Het Woerdense grond-, weg- en waterbouwbedrijf Van Ooijen bouwt samen met laadspecialist Entent een groot openbaar laadstation voor elektrische vrachtwagens aan de Burgemeester Van Zwietenweg bij Woerden. Het plein moet naar verwachting in oktober in gebruik zijn en is het eerste grootschalige publieke laadpunt voor zwaar verkeer in de regio.

Van Ooijen wil met dit initiatief een stap zetten richting een emissieloze bedrijfsvoering. Omdat vrachtwagens veel hoger vermogen nodig hebben dan personenauto’s — zeker als voertuigen extra apparatuur zoals een laadkraan hebben — ontbreekt de infrastructuur voor zwaar verkeer nog vaak. Dat remt de overstap naar elektrisch; ondernemers staan voor de keuze tussen wachten op voldoende laadinfrastructuur of nu al investeren in elektrische voertuigen. Van Ooijen en Entent willen die drempel verlagen door vooraf capaciteit aan te bieden.

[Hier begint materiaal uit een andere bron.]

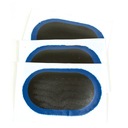 LATKA LATKI COUSSINET POUR NAPRAWY PRZEBIC DETEK DETKI ROWER HULAJNOGA 48X72MM photo 2 - milautoparts-fr.ukrlive.com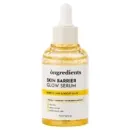 Ongredients Skin Barrier Sokkwang Serum 50ml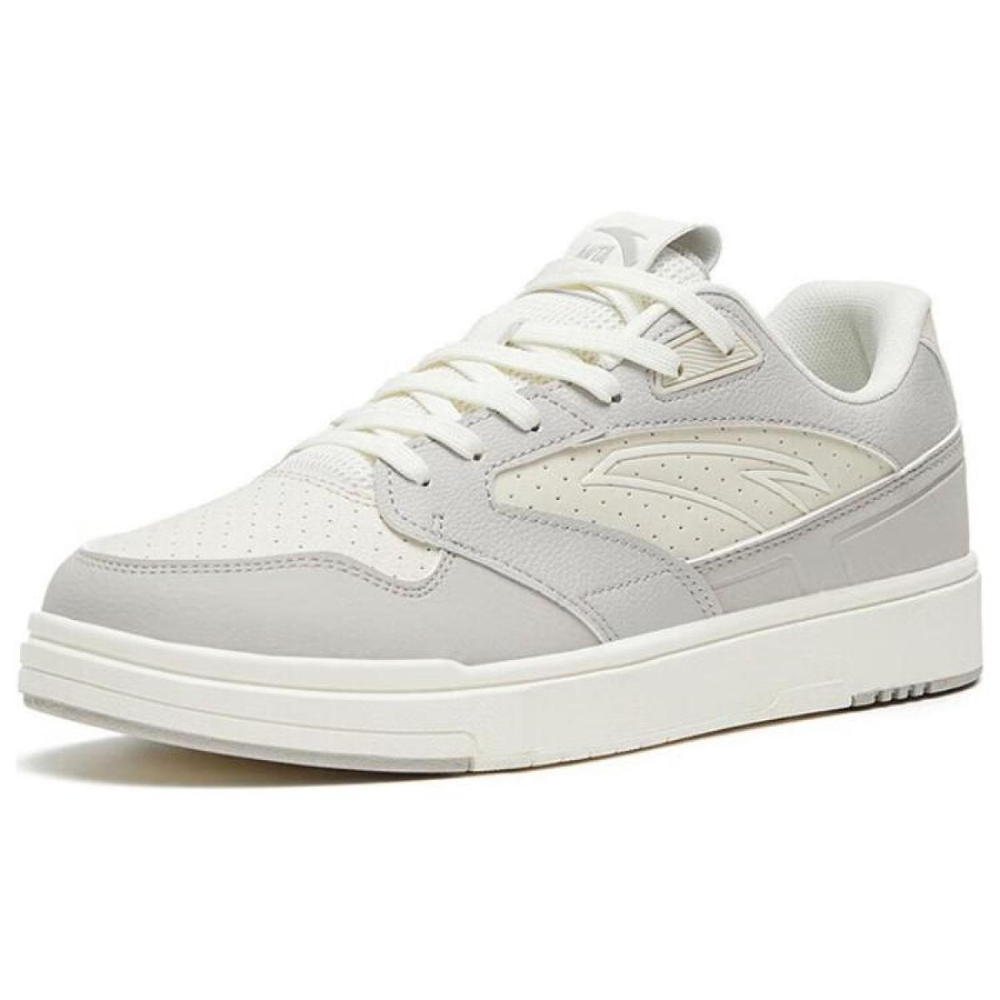 Anta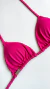 Ibiza confete - comprar online
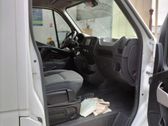 Ignition lock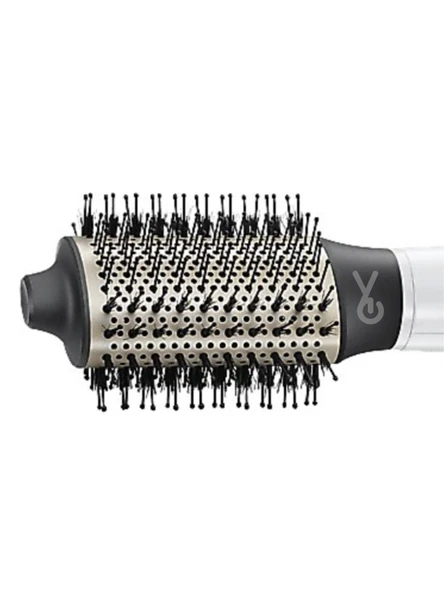 Remington AS8901 - Fırça Tarağı - Resim 2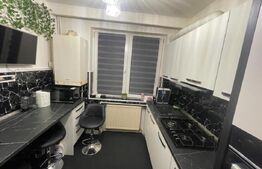 Apartament 5 camere, zona Hotel Bucovina Suceava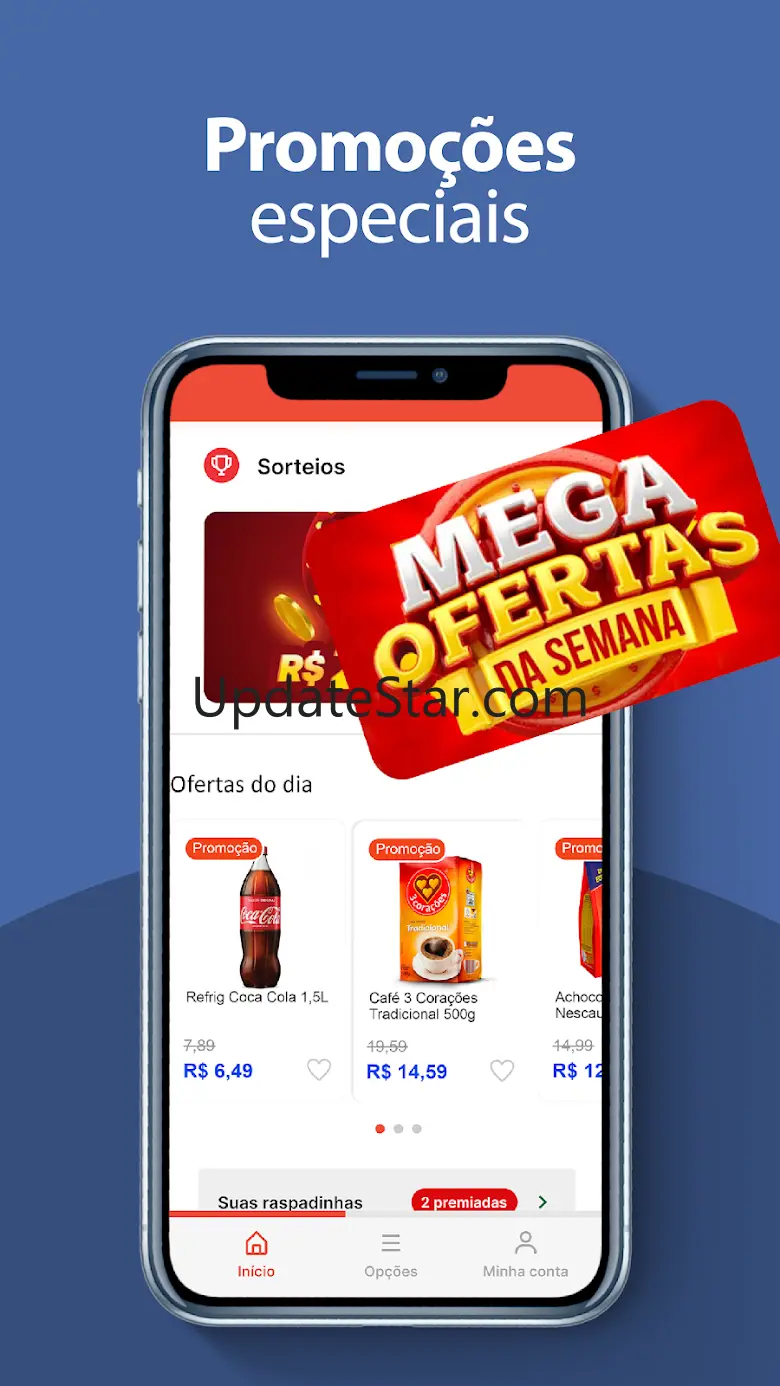 Super Ferreira 2.00.04.001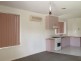 1/86 Kidds Road, Doveton VIC 3177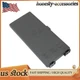 Fits 2006-2011 Dodge Ram Truck New Integrated Power Module Cover 68002786AA US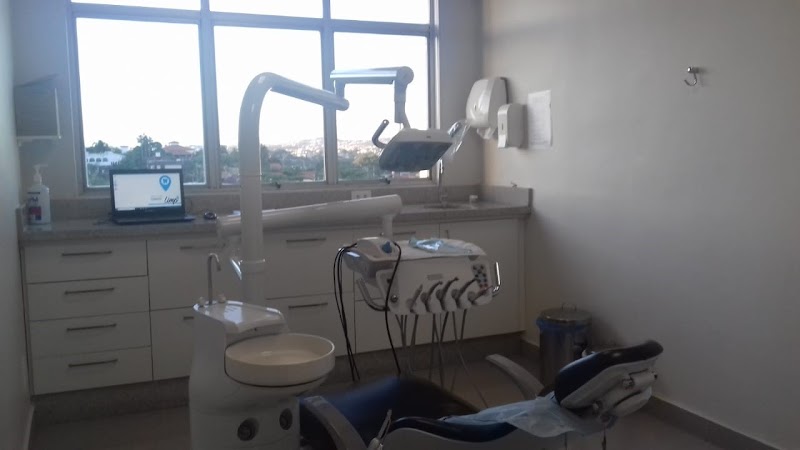 ODONTOLOGIA LIMP - foto 1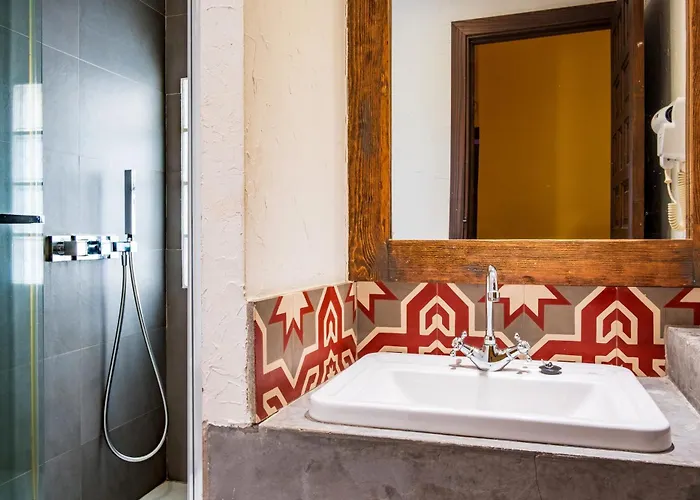 El Rincon Del Duende Pedro Bernardo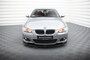 Maxton-Design-Bmw-3-Serie-E92-E93-M-Pakket-Voorspoiler-Spoiler-Splitter-Lip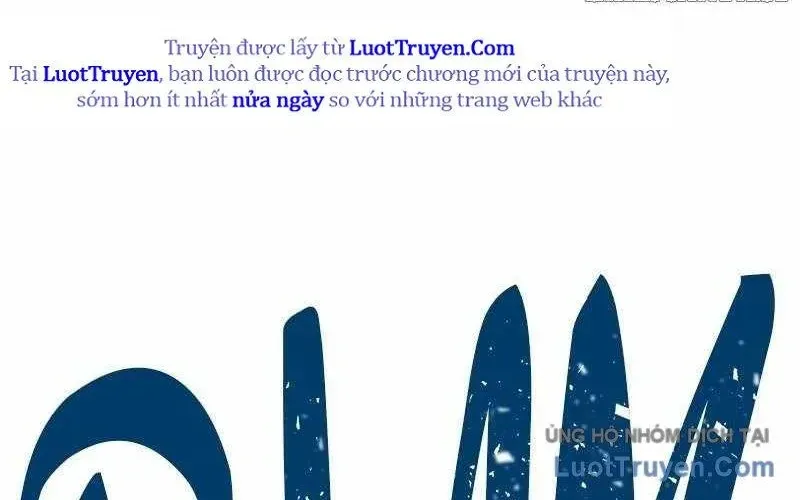 Gậy Gỗ Cấp 99+ Chapter 165.5 - 106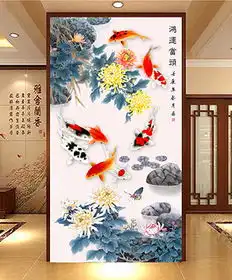 tif不分层玻璃移门模板下载tif不分层格式玻璃移门模板下载素材图片tif不分层玻璃移门模板下载设计模板我图网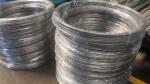 TP316Ti 19.05mm Seamless Instrumentation Coiled Tubing Medical Grade Coiled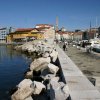 Duhovni vikend v Piranu 2010_127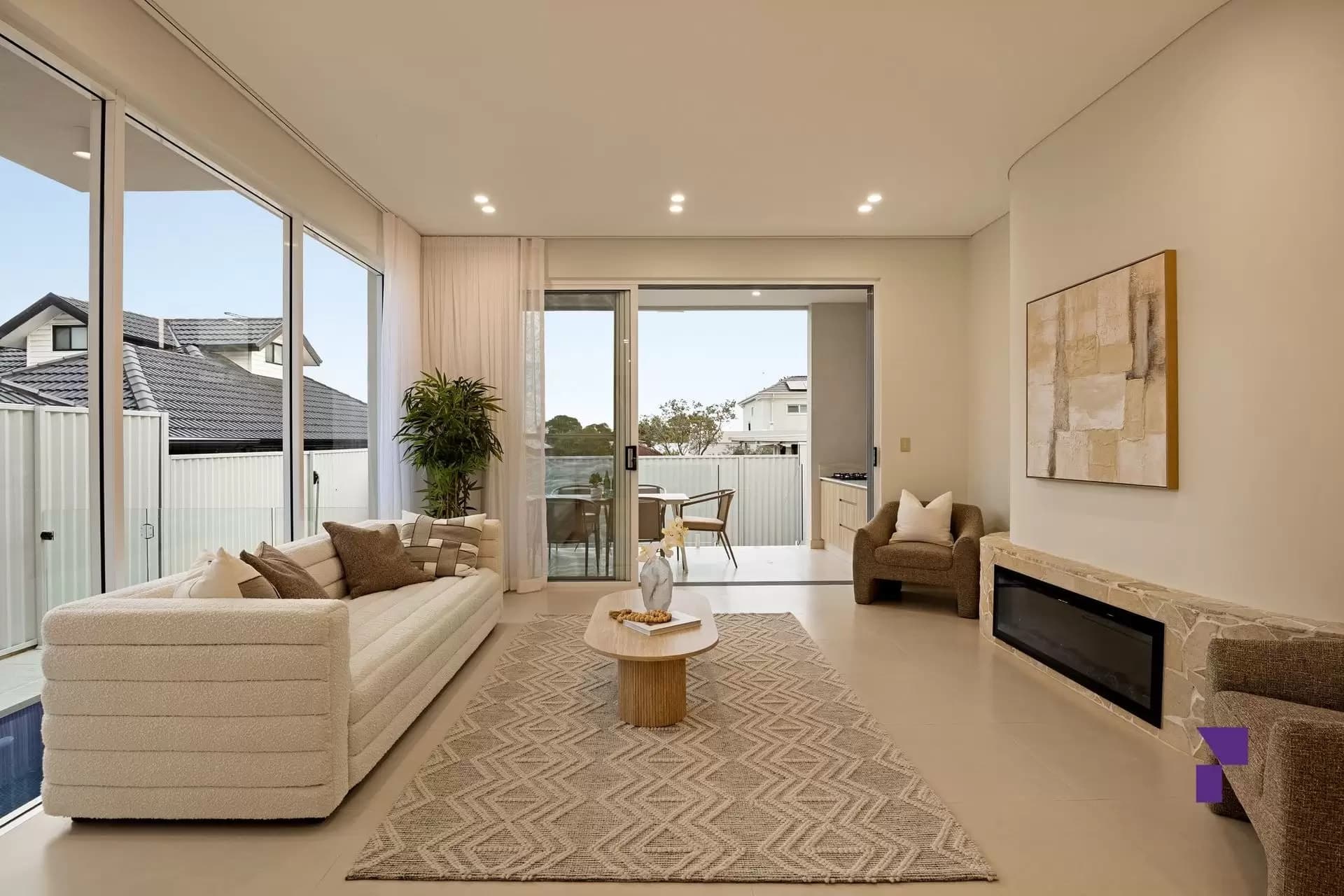 11 Second Avenue, Condell Park - Thumbnail 6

Op het terrein zijn 24 centrale laadpunten voor vrachtwagens gepland, met DC-snellaadmogelijkheden waarmee een vrachtwagen binnen ongeveer twee uur volledig kan opladen. Daarnaast komen er vier snelladers en negen AC-laadpunten voor personenauto’s. Entent verzorgt de exploitatie, waaronder planning en betalingen; het plein is openbaar toegankelijk, maar ook voor Van Ooijen’s eigen materieel bedoeld.

Voor zulke hoge laadvermogens was een zware netaansluiting nodig: 1.750 kVA, die in maart 2023 door netbeheerder Stedin werd toegekend — een krappe timing gezien de huidige netcongestie. Om slimmer met piekbelasting om te gaan, wordt met de gemeente Woerden gesproken over de plaatsing van een batterijpakket dat het laadplein kan ontlasten en de beschikbare capaciteit beter benutten.

Het project is uitgewerkt in samenwerking met Entent, Omniform Group en Energiehaven en past in een bredere Europese ontwikkeling naar meer laadinfrastructuur voor vrachtverkeer. Van Ooijen ziet het als noodzakelijke voorbereiding op het moment dat diesel definitief ophoudt.